Sejak Operasi Taufan Al-Aqsha, setidaknya 870 warga Palestina lainnya telah ditangkap pada saat berita ini dimuat (19/10/2023), menurut sumber-sumber Palestina.

Para tawanan ini berada di 23 penjara dan pusat penahanan di wilayah Palestina terjajah dan di wilayah yang sekarang disebut ‘Israel’.

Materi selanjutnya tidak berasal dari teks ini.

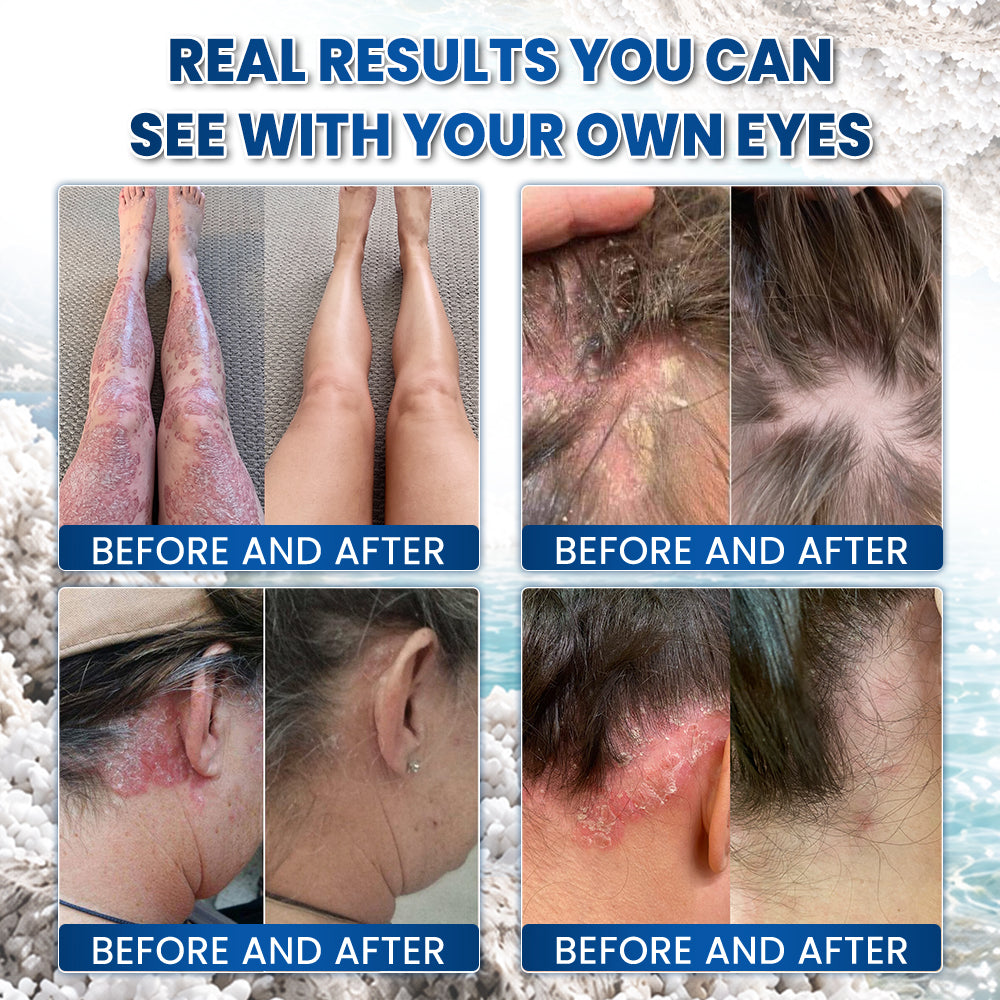 🌿🌿 Medistart® PSORIASIS SPECIALIZED SKIN CARE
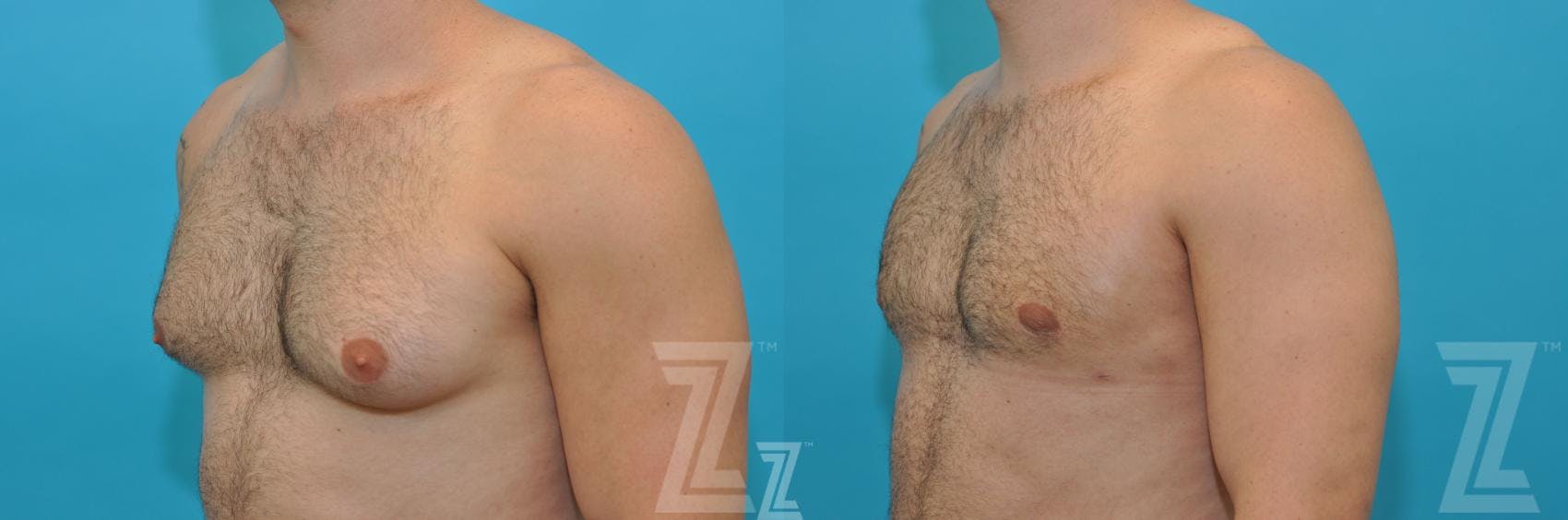 Male Breast Reduction Before & After Gallery - Patient 132963603 - Image 2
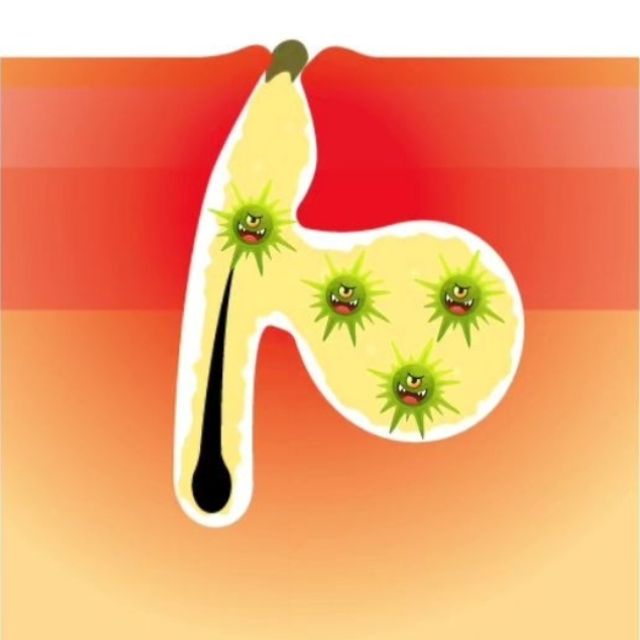 毛穴のつまりや黒ずみ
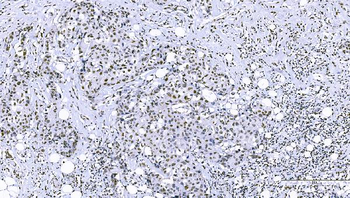 FOXK1/MNF Antibody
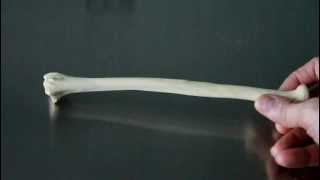 SKELETAL SYSTEM ANATOMY: Bones of the forearm- Radius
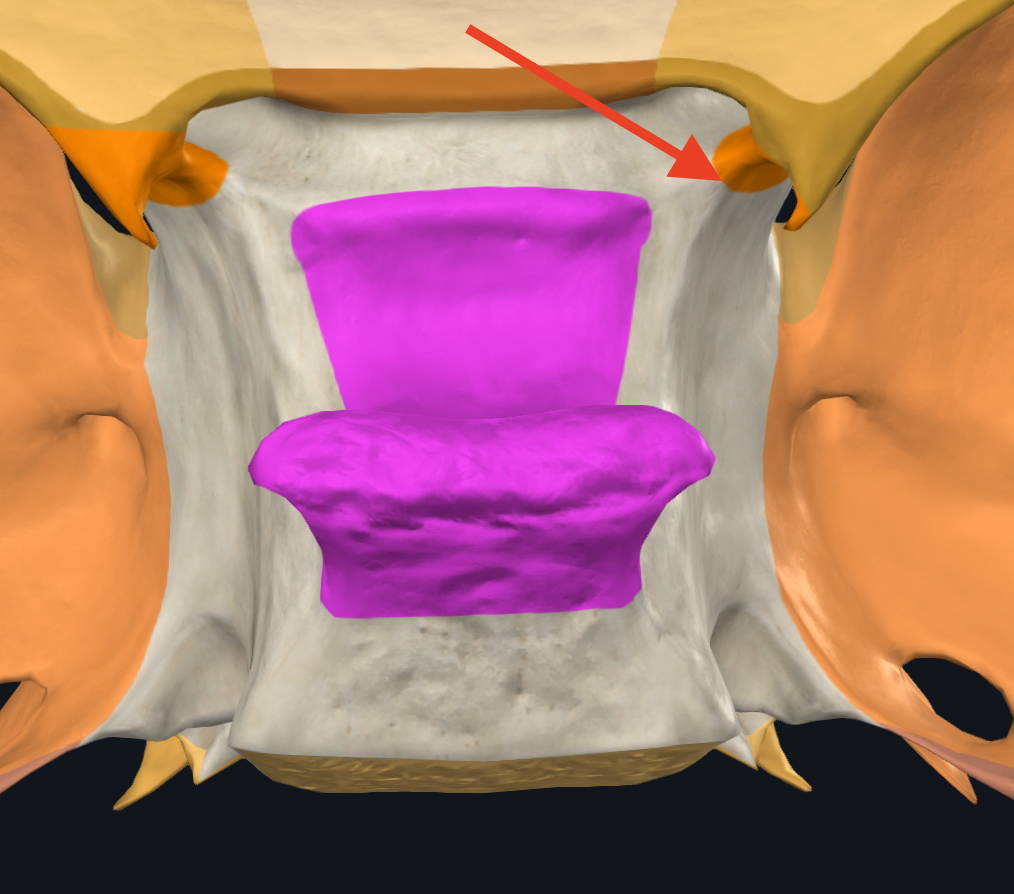 <p><span>anterior clinoid processes </span><span style="font-family: Calibri, sans-serif"> </span></p>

Di antara mereka terdapat 40 tawanan wanita, yang ditahan oleh ‘Israel’ di penjara Damon, dan 170 anak-anak lainnya, yang ditahan di penjara-penjara termasuk Ofer, Damon, dan Megiddo.

Vonis tidak masuk akal

Dalam beberapa kasus, para tawanan telah ditahan oleh ‘Israel’ selama beberapa dekade. Terdapat 22 tawanan Palestina yang ditangkap sebelum penandatanganan Perjanjian Oslo pada tahun 1993.

Nael Barghouti, berusia 66 tahun dan berasal dari Ramallah, adalah tawanan Palestina yang paling lama mendekam di penjara ‘Israel’.

Dituduh menyerang serdadu ‘Israel’ pada tahun 1978, Barghouti menghabiskan 33 tahun di penjara sebelum dibebaskan pada tahun 2011 sebagai bagian dari kesepakatan pertukaran tawanan untuk pembebasan serdadu ‘Israel’ yang ditangkap, Gilad Shalit.

Dia ditangkap kembali pada tahun 2014 dan tetap berada di penjara sejak saat itu.

Hukuman yang lama seperti itu merupakan hal yang lumrah bagi tawanan Palestina, dengan 559 orang dijatuhi hukuman setidaknya satu hukuman seumur hidup.

Hukuman terlama dijatuhkan kepada komandan Hamas Abdullah Barghouti, juga dari Ramallah, yang ditangkap pada tahun 2003 dan dijatuhi 67 hukuman seumur hidup.

Bahkan setelah tawanan mati, ‘Israel’ dapat memilih untuk tetap menahan jenazahnya.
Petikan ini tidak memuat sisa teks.